= First Street, Hong Kong =

Street in Sai Ying Pun, Hong Kong

First Street (Chinese: 第一街) is a street in Sai Ying Pun, an early suburb of Hong Kong.

The street is part of the planned layout of the early development. High Street, Third Street, Second Street and First Street run east to west horizontally on a slope while Centre Street, Western Street and Eastern Street run north to south steeply.

First Street runs one way from Eastern Street, crossing Centre Street and Western Street to Pok Fu Lam Road in the west. It is about 250 metres long. The northern side of the street has odd numbers and is on the lower side of the slope.

==Transport==
Vehicles can drive from east to west. Taxis frequent the street. Green mini bus route 45A has its terminus on the south side of the street between Centre and Western Streets. This bus runs up Western Street, Bonham Road, Lyttelton Road, Babington Path, Robinson Road, Kotewall Road to Conduit Road, and then returns the same way and then via Breezy Path, Hospital Road, Second Street and Centre Street. Paid half-hour parking and motorcycle parking is available towards the west end.

==Side lanes==
Side lanes include Algar Court, going down to Queen's Road West, between Western and Centre Street. There is also an unnamed lane going down to Queen's Road West, between Centre and Eastern Streets. This gives access to a back lane running behind the buildings on First Street. This lane runs from Eastern to Centre Street, and is for foot traffic only. Businesses on these lanes include 2 Philippine products shops, an electrician, a metal folding shop, and a tea shop on the corner with Eastern Street.

==Buildings==
Most buildings along this street are around 5 or 6 stories, but there are a few high rise apartment blocks of over 20 floors including the Shun Tai Building, Island Crest, Chun King Building, Charming Court, and the rear of Western Garden.
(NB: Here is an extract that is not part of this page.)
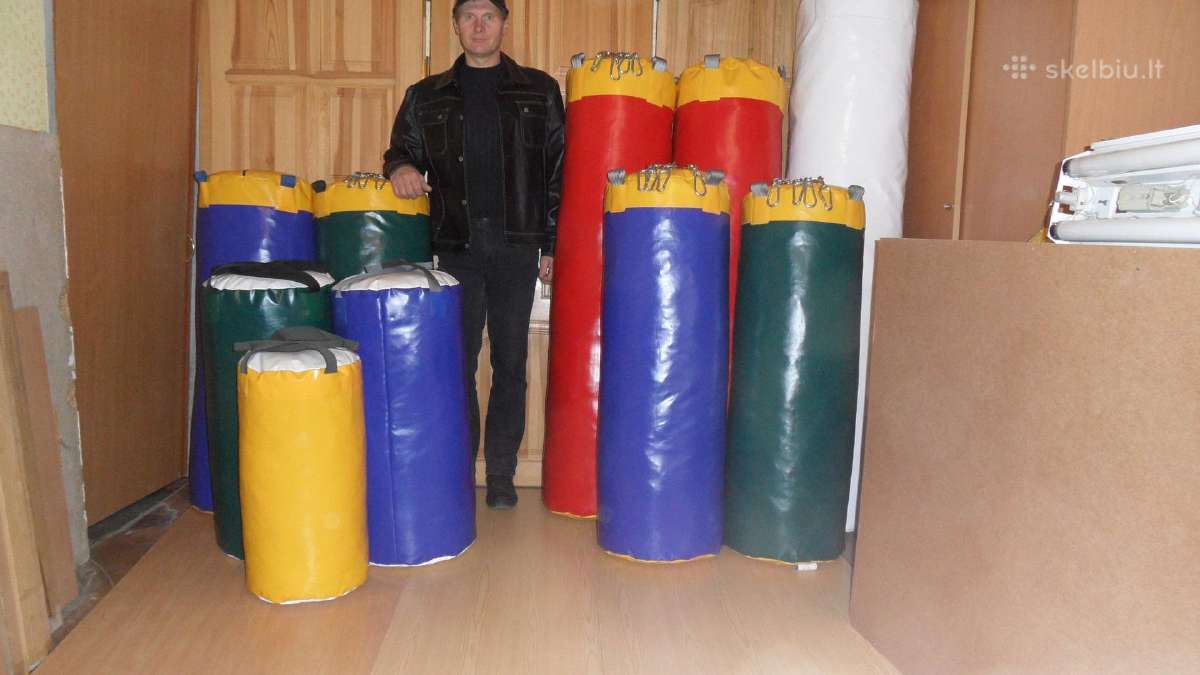Gaminu-parduodu,bokso maisus 35eur 50eur,70eur, - nuotraukos Nr. 7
Totally, there are 528 units in 60 buildings with First Street addresses.

==Businesses==
In the First Street are many small businesses. The Western District Junior Police Call clubhouse is under the Western Garden building.

Larger enterprises include the Bank of China branch, a Wellcome supermarket, Government offices (Drainage, Labour and Social Welfare) in the Western Magistracy, the Agency for Volunteer Service Elderly Centre, Centre Street Market, including, the cooked food centre, public toilet, refuse collection point, and an escalator to Sai Ying Pun Market.